Mothers sometimes feel like their influence and importance is in the background of their children's lives. They hope to have made a deep impact on their families, but we all know there are so many other aspects to our children's lives, we hope not to be ultimately be lost in the shuffle.

We know we are just mom. And we hope that being mom will have lasting value to our children, and our children's children. We also know, this doesn't always happen, and only time will tell.

Family relationships can go through many changes over a lifetime. A relationship with one child may be rocky at one time, and become solid at a later point.

A child's understanding of their mom goes through many metamorphoses over a lifetime. Maybe at one point mom is a mainstay, taken for granted.
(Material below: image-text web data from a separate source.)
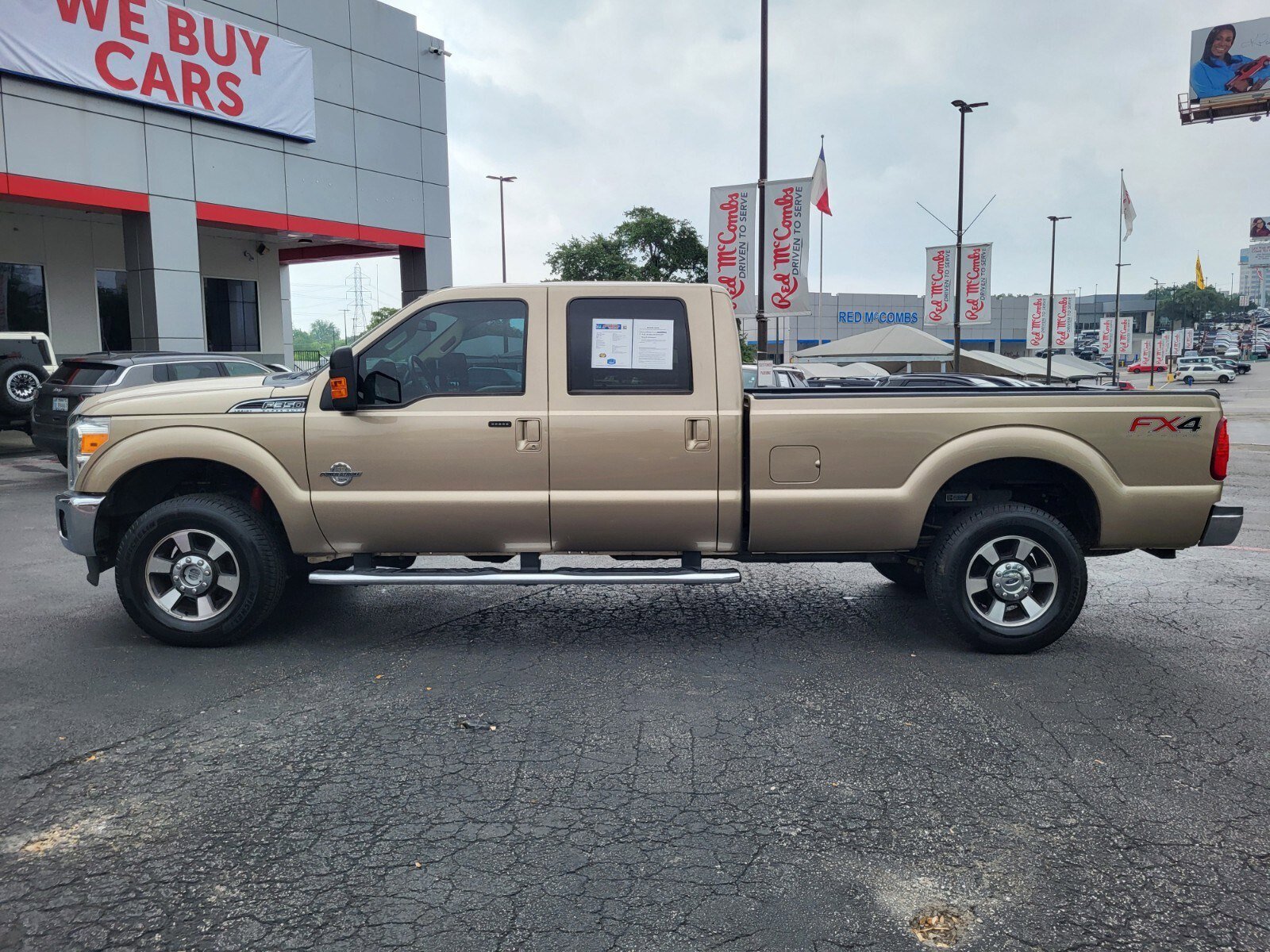 Used 2014 Ford F350 Lariat w/ Lariat Interior Package AWD/4WD image 5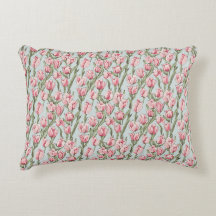 Sérénité de rangée rose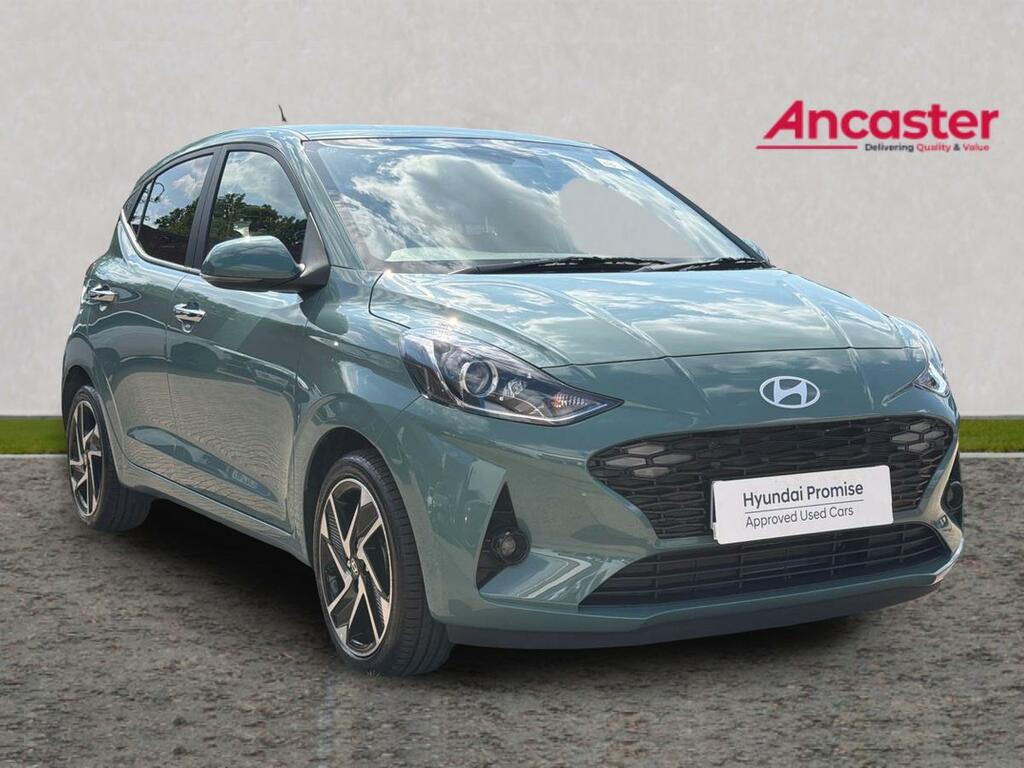 2025 Hyundai I10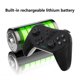 thumbnail image 4 of Ganfancp Bluetooth Controller, Wireless Pro Controller Compatible, Wireless Gamepad Stick Hoid con Función Programable【2023 Versión Actualizada】. Ofertas Flash Asa *1, Cable Usb *1, 4 of 6
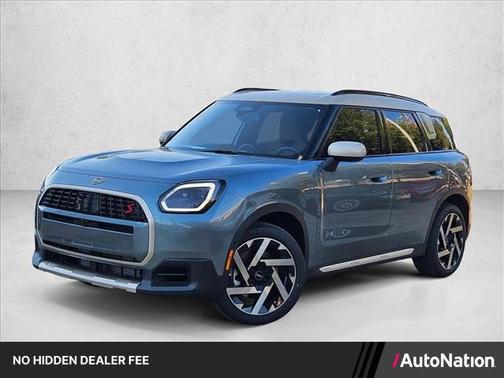 Smokey Green Metallic 2026 MINI Countryman Cooper S ALL4
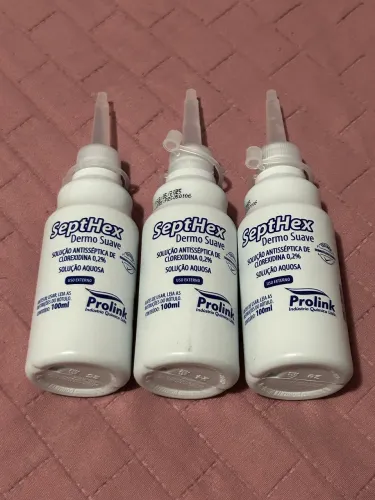 Clorixidina (UNIDADE = 8 REAIS)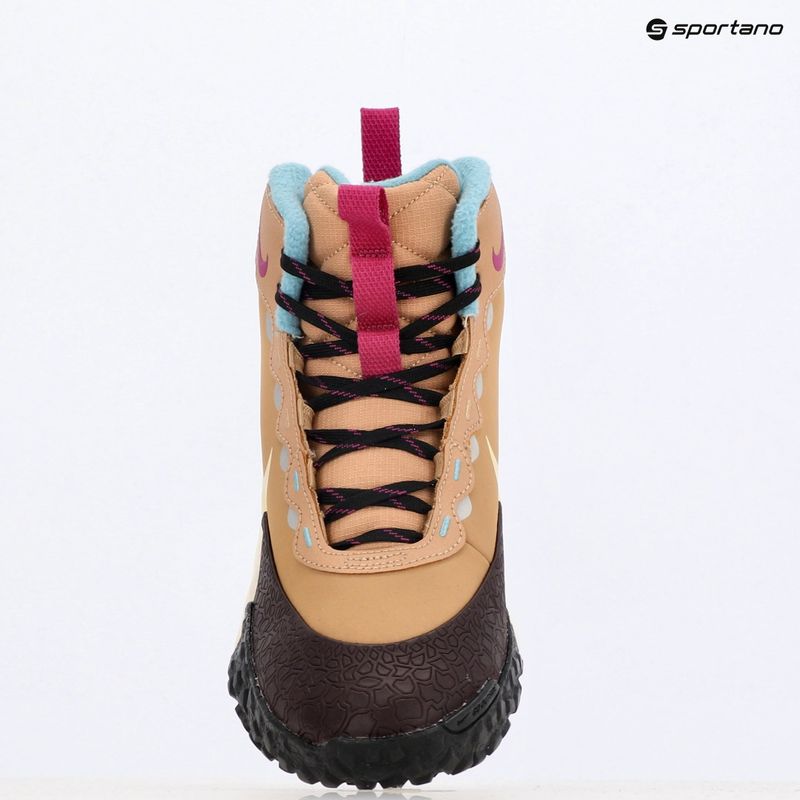 Buty dziecięce Nike Terrascout hemp/burgundy ash/denim turquoise/pale ivory 9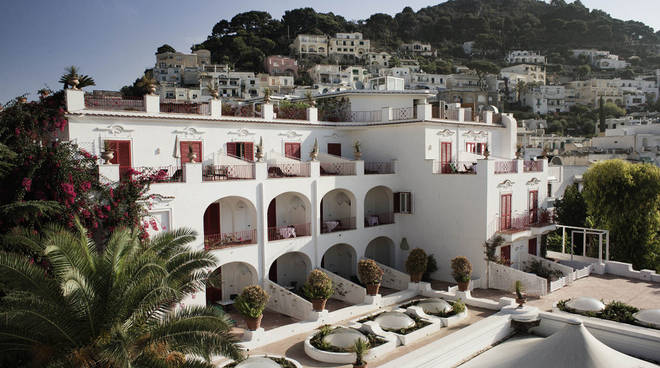 Federalberghi Capri: “Riapertura hotel La Palma una bella notizia, grazie al sindaco per il suo impegno”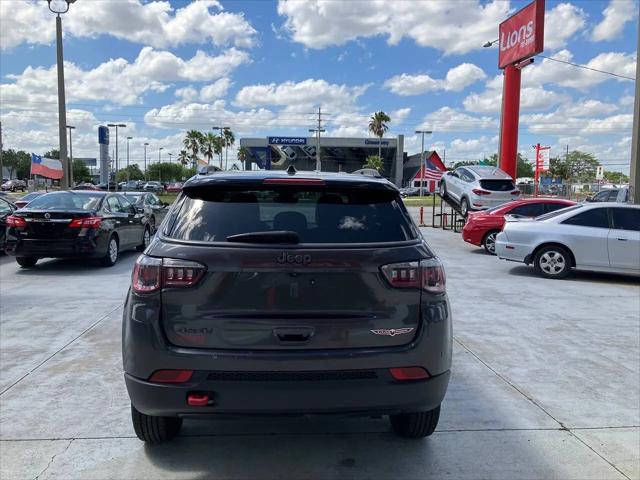 2019 Jeep Compass Trailhawk 4x4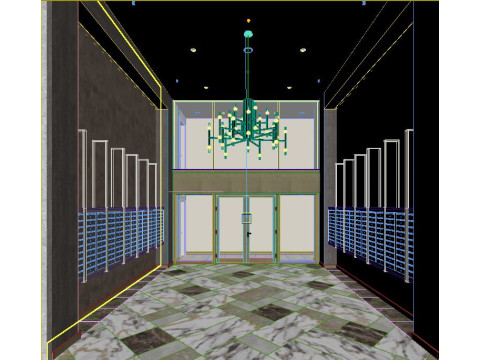 Entrance Lobby Modelo 3D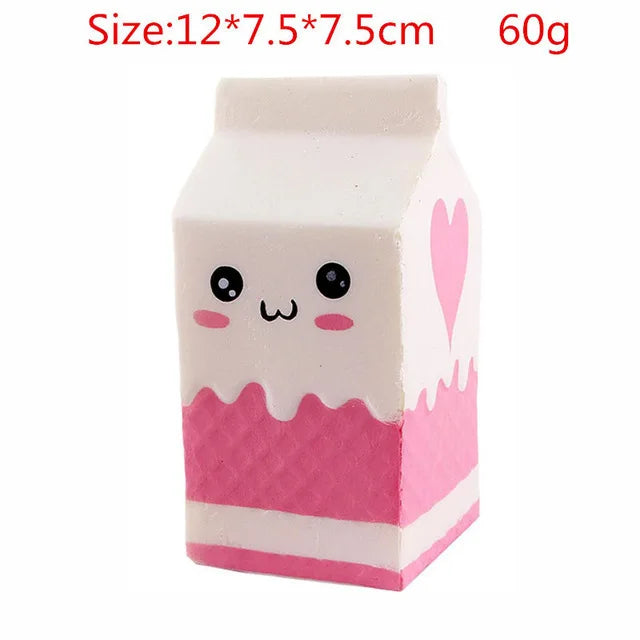 Jumbo Kawaii Food Squishies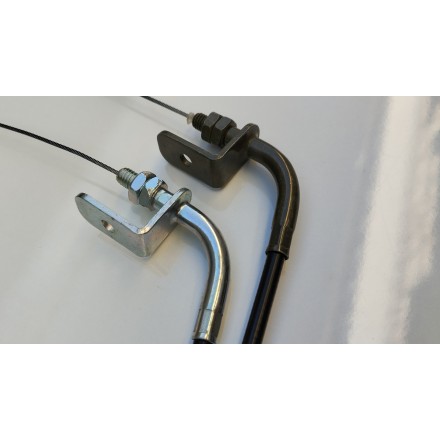 SET CAVI APERTURA E CHIUSURA GAS ACCELERATORE ORIGINALE VOGE SFIDA SR1 125 2024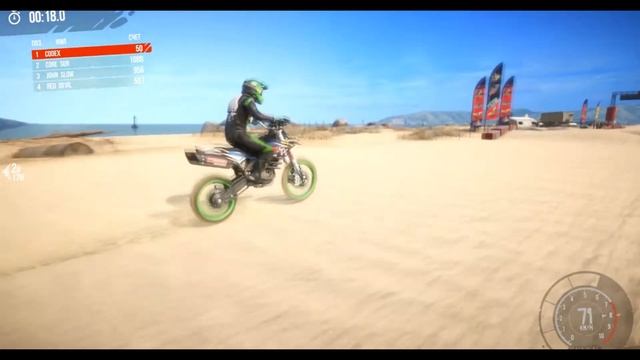 Мультик игра MX Nitro - трюки на мотоциклах 2018. МЕГА КРУТЫЕ БАЙКИ и Прыжки через ТРАМПЛИН смотреть онлайн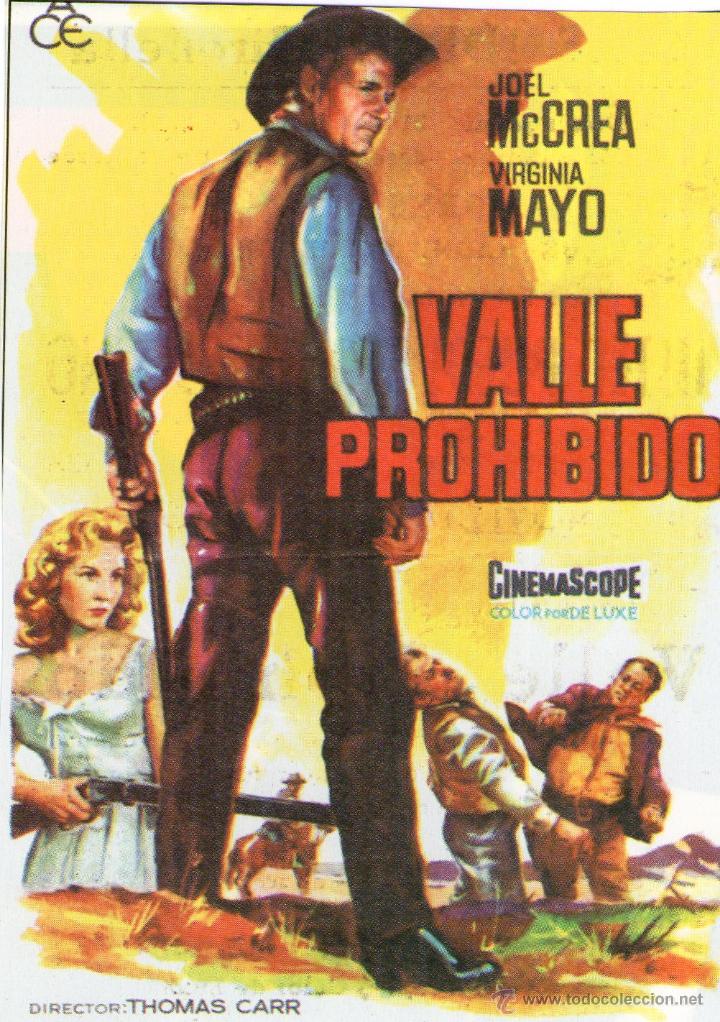 Kino: virginia mayo valle perdido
Perhaps at another stage of things, she is a burr under the ol' saddle, thwarting some desires and impulses.

As our kids have their own kids, a new understanding of the trickiness of parenthood can arise for them. A dawning of the realization that it ain't always easy being a parent, that some of the things that might have seemed like pure cussedness on mom's part were actually loving parental attempts to help a child grow up safe and whole.

My mother raised five children. Through us she had nine grandchildren. She remarried in her fifties and through her two stepsons amassed a dozen more grandchildren and great-grandchildren. She became a new sister-in-law to another family who had her own special place in that circle, became Aunt Islay to the new family's step-nieces and -nephews.

She outlived all her brothers and sisters, and became the surrogate mother for all her nieces and nephews, grandmother to all of their progeny. She was the matriarch at the yearly family reunions. This summer, the reunion will have an empty space that no one can fill. That no one wants to have filled.

Friends from more than half a century ago were in attendance that day. Friends of her children who thought of her as their second mom, the woman who understood them better than their own mothers. Friends of all ages mingled, with Islay as their common bond.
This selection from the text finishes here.